Exercise data:
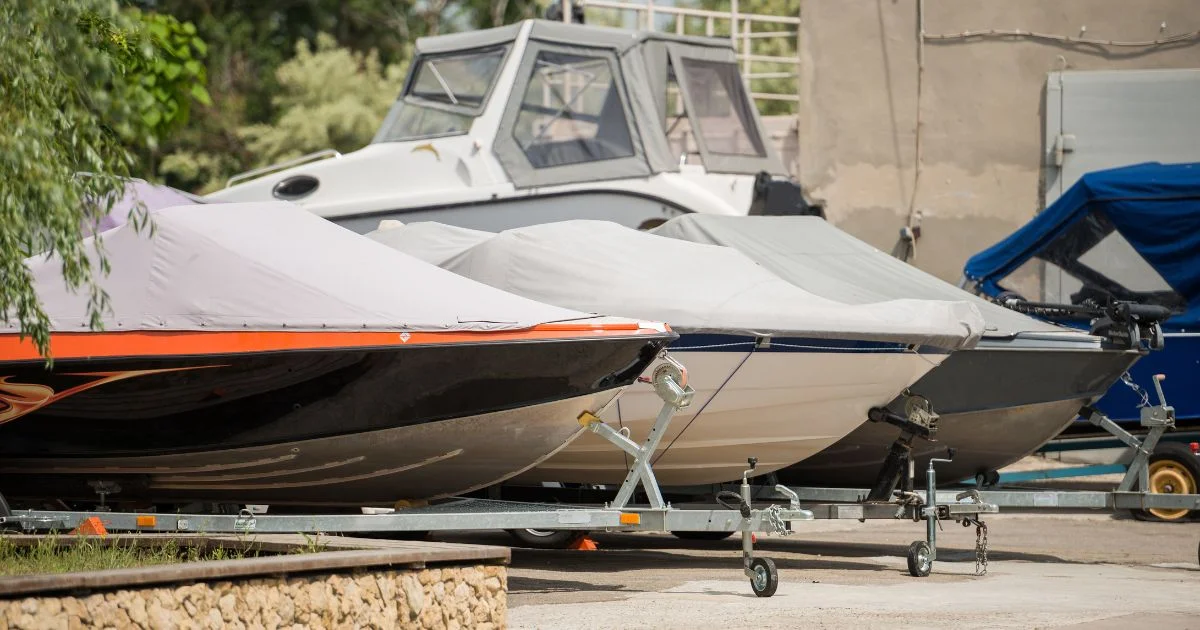 Covered boats stored on trailers in outdoor lot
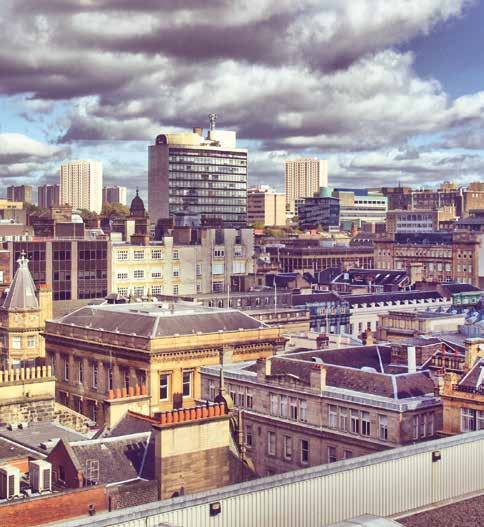 Aerial view of an urban landscape with a mix of old and modern buildings under a cloudy sky, suggesting a city like Glasgow.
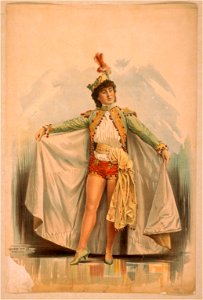 Asian woman in shorts, cape, and feathered hat LCCN2014636852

What the task asks: Line for line, restate the data above and omit every picture.

Response for this exercise:
 Covered boats stored on trailers in outdoor lot
 Aerial view of an urban landscape with a mix of old and modern buildings under a cloudy sky, suggesting a city like Glasgow.
 Asian woman in shorts, cape, and feathered hat LCCN2014636852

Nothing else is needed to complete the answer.